[Annotated photo localization data]

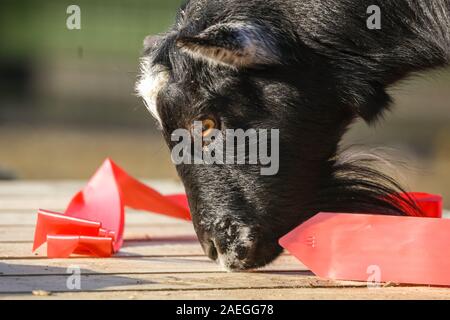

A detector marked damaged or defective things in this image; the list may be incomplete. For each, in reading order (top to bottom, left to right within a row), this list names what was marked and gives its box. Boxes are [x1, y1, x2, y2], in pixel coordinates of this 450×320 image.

torn red paper strip [32, 159, 191, 258]
torn red paper strip [280, 212, 450, 284]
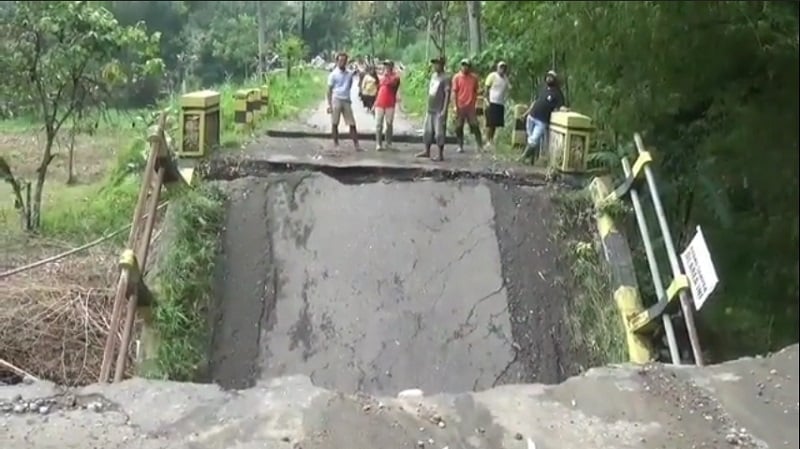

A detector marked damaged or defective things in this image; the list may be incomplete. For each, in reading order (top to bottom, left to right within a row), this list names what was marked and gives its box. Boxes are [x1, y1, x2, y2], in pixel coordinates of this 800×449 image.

rusty metal pole [97, 144, 159, 382]
rusty metal pole [636, 132, 704, 364]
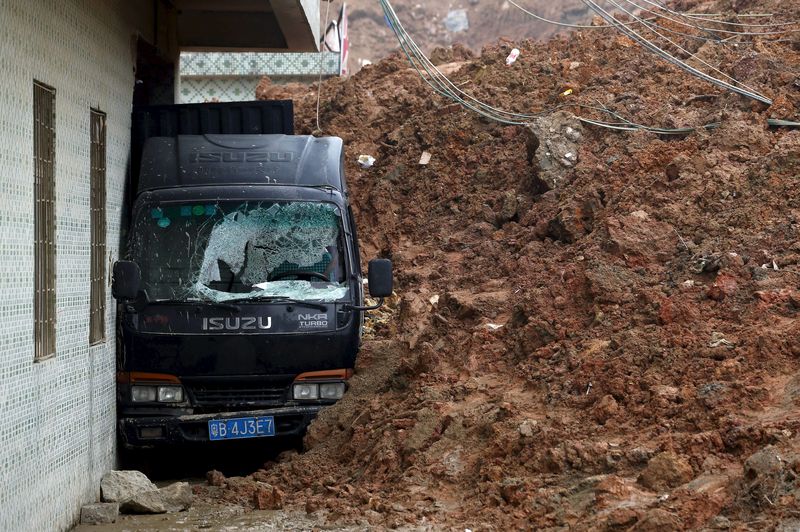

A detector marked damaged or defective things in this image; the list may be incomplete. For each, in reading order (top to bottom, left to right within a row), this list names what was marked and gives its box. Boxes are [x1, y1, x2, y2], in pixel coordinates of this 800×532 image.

broken glass [128, 201, 346, 304]
shattered windshield [130, 201, 348, 304]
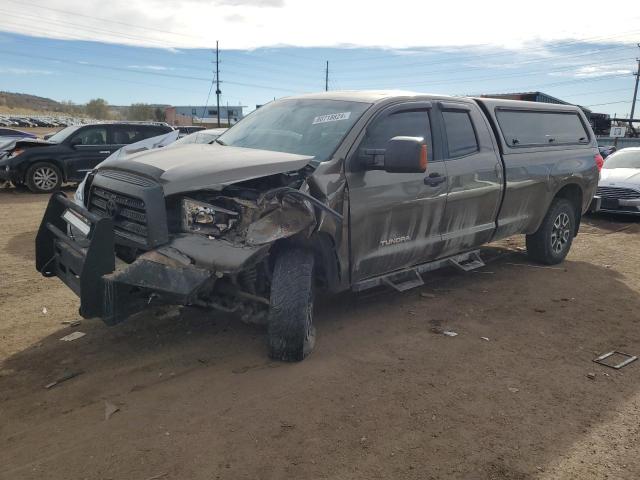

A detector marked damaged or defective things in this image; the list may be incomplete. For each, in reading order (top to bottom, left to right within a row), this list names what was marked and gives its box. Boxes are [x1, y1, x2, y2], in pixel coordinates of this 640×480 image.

dented hood [97, 142, 312, 195]
broken headlight [181, 198, 239, 237]
damaged pickup truck [36, 92, 600, 360]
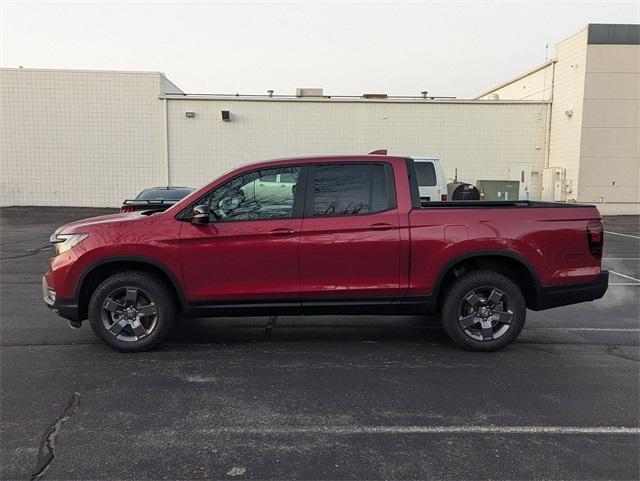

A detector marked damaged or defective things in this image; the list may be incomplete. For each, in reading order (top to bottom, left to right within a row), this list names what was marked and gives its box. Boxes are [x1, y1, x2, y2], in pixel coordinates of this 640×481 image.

crack in asphalt [30, 390, 80, 480]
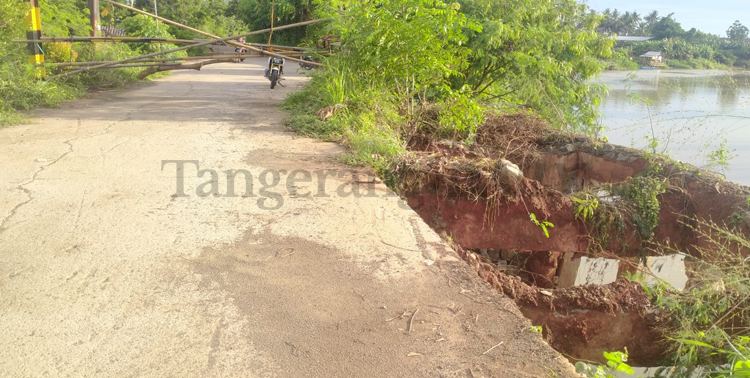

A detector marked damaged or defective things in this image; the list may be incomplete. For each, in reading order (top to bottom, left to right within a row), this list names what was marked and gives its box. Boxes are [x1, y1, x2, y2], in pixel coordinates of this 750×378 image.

cracked asphalt [0, 59, 580, 378]
landslide damage [390, 111, 750, 366]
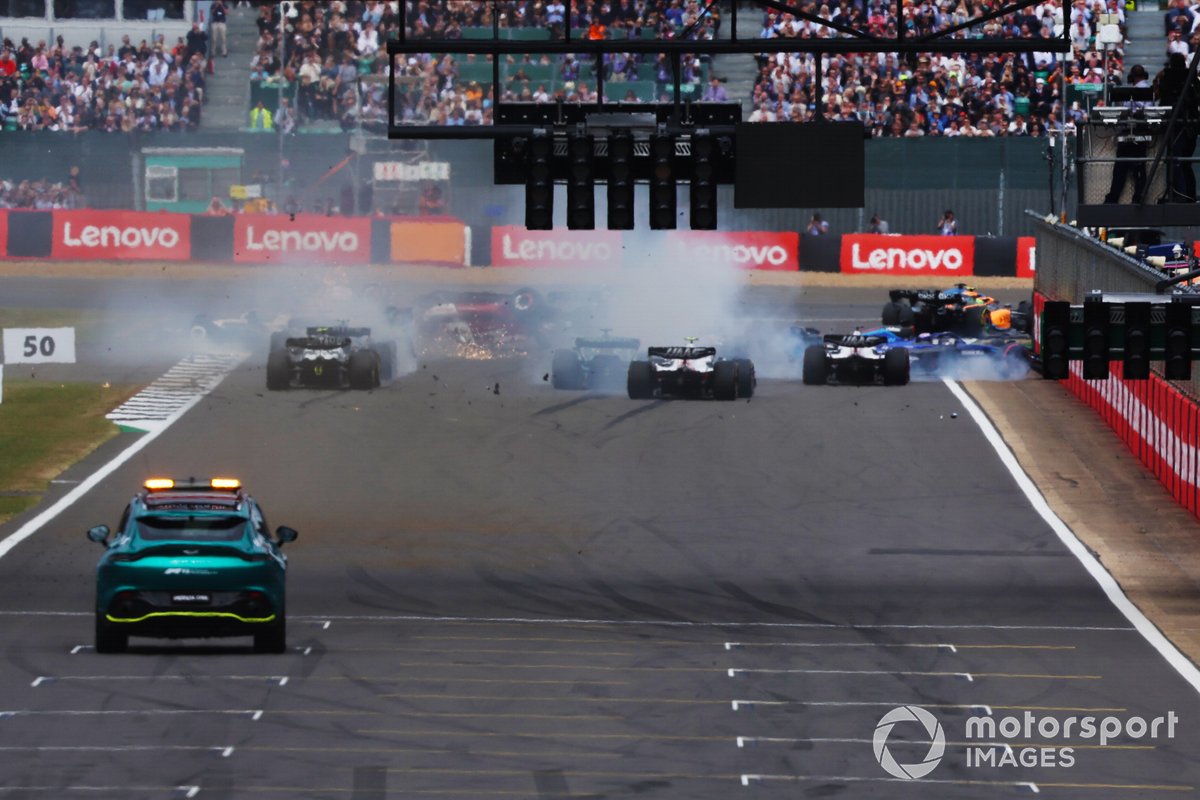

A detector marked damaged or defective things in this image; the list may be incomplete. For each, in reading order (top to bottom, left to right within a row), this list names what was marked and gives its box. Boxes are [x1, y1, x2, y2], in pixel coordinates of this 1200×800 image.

crashed race car [883, 286, 1032, 335]
crashed race car [264, 323, 391, 388]
overturned race car [266, 326, 393, 393]
crashed race car [552, 331, 643, 391]
crashed race car [624, 338, 753, 400]
overturned race car [628, 340, 758, 400]
crashed race car [806, 328, 907, 383]
overturned race car [806, 328, 907, 383]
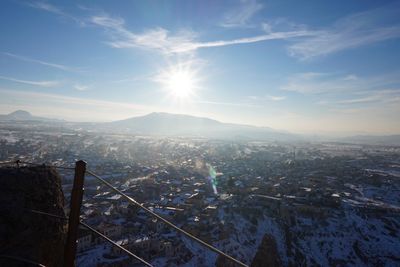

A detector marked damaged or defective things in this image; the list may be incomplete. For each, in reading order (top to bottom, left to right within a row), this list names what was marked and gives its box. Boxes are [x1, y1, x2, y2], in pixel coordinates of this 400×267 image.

rusty fence post [63, 160, 86, 266]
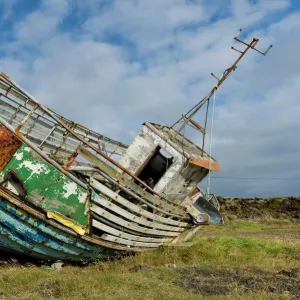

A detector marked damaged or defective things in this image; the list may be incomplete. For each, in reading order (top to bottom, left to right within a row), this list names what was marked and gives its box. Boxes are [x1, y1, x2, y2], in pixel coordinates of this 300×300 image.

rusty metal surface [0, 125, 21, 171]
rusted metal frame [0, 117, 88, 190]
peeling green paint [0, 144, 89, 227]
rusted metal frame [0, 188, 151, 251]
rusted metal frame [92, 220, 171, 244]
rusted metal frame [78, 146, 188, 217]
rusted metal frame [89, 204, 178, 237]
rusted metal frame [89, 190, 184, 232]
rusted metal frame [90, 177, 189, 226]
broken window opening [136, 147, 173, 188]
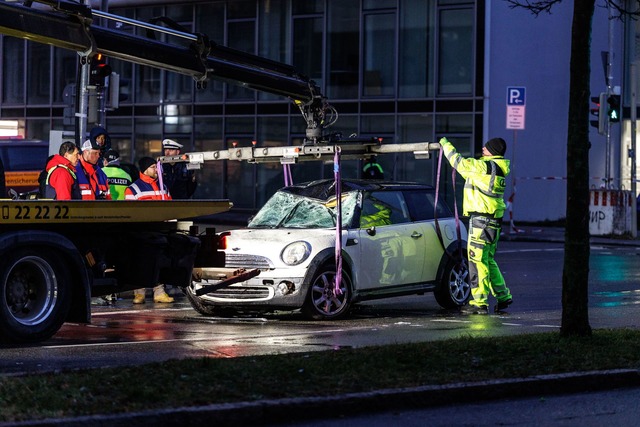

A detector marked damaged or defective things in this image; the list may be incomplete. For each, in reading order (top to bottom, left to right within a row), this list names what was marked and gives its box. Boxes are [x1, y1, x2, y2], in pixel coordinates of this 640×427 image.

shattered windshield [250, 191, 360, 229]
damaged white car [185, 179, 470, 320]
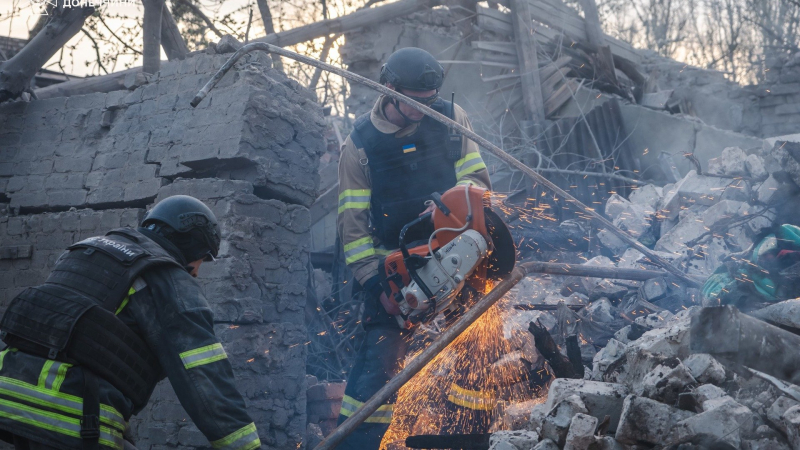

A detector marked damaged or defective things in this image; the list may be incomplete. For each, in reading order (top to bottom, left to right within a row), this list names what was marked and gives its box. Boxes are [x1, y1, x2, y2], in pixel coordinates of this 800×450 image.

bent metal rod [191, 42, 696, 288]
damaged building wall [0, 48, 324, 446]
broken concrete slab [680, 354, 724, 384]
broken concrete slab [564, 414, 592, 450]
shattered masonry block [564, 414, 600, 450]
shattered masonry block [544, 380, 632, 432]
broken concrete slab [544, 380, 632, 432]
broken concrete slab [612, 396, 692, 444]
shattered masonry block [616, 396, 692, 444]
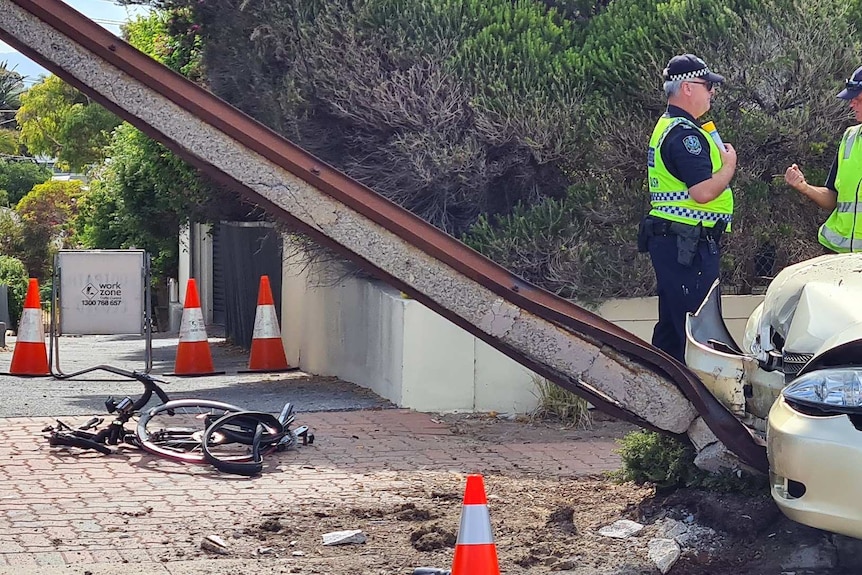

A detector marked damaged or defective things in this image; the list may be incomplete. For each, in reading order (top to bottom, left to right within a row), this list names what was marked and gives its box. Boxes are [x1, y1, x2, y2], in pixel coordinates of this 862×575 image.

**WORK TO BE COMPLETED**. Output, exactly and without pictures, the lines above that run from the one containing "this 640×427 image." through the last line of the entries, inclusive.

**RESPONSE TO THIS TASK**.
A detector marked damaged or defective things in this image; the list may be incomplete. For each, in reading order (top to bottom, left to right within a row), this list names what was marked and gives its box. Boxes are [x1, y1, x2, y2], in pixel coordinates of this 640×427 image.

shattered windshield [250, 191, 360, 229]
damaged white car [185, 179, 470, 320]

A detector marked damaged or defective things in this image; the list may be incomplete. For each, in reading order (top to bottom, left to right within a row), this list names what was marked and gives its box. Boxes are [x1, y1, x2, y2], in pixel coordinates of this 800×450 image.

bent metal rod [191, 42, 696, 288]
damaged building wall [0, 48, 324, 446]
broken concrete slab [680, 354, 724, 384]
broken concrete slab [564, 414, 592, 450]
shattered masonry block [564, 414, 600, 450]
shattered masonry block [544, 380, 632, 432]
broken concrete slab [544, 380, 632, 432]
broken concrete slab [612, 396, 692, 444]
shattered masonry block [616, 396, 692, 444]

A detector marked damaged or defective things in this image; the list may be incomplete. For each, in reading order (top to bottom, left to right within a row), this list names what was marked and gives its box. Boxes are [x1, y1, x2, y2], in pixel coordinates of this 862×575 image.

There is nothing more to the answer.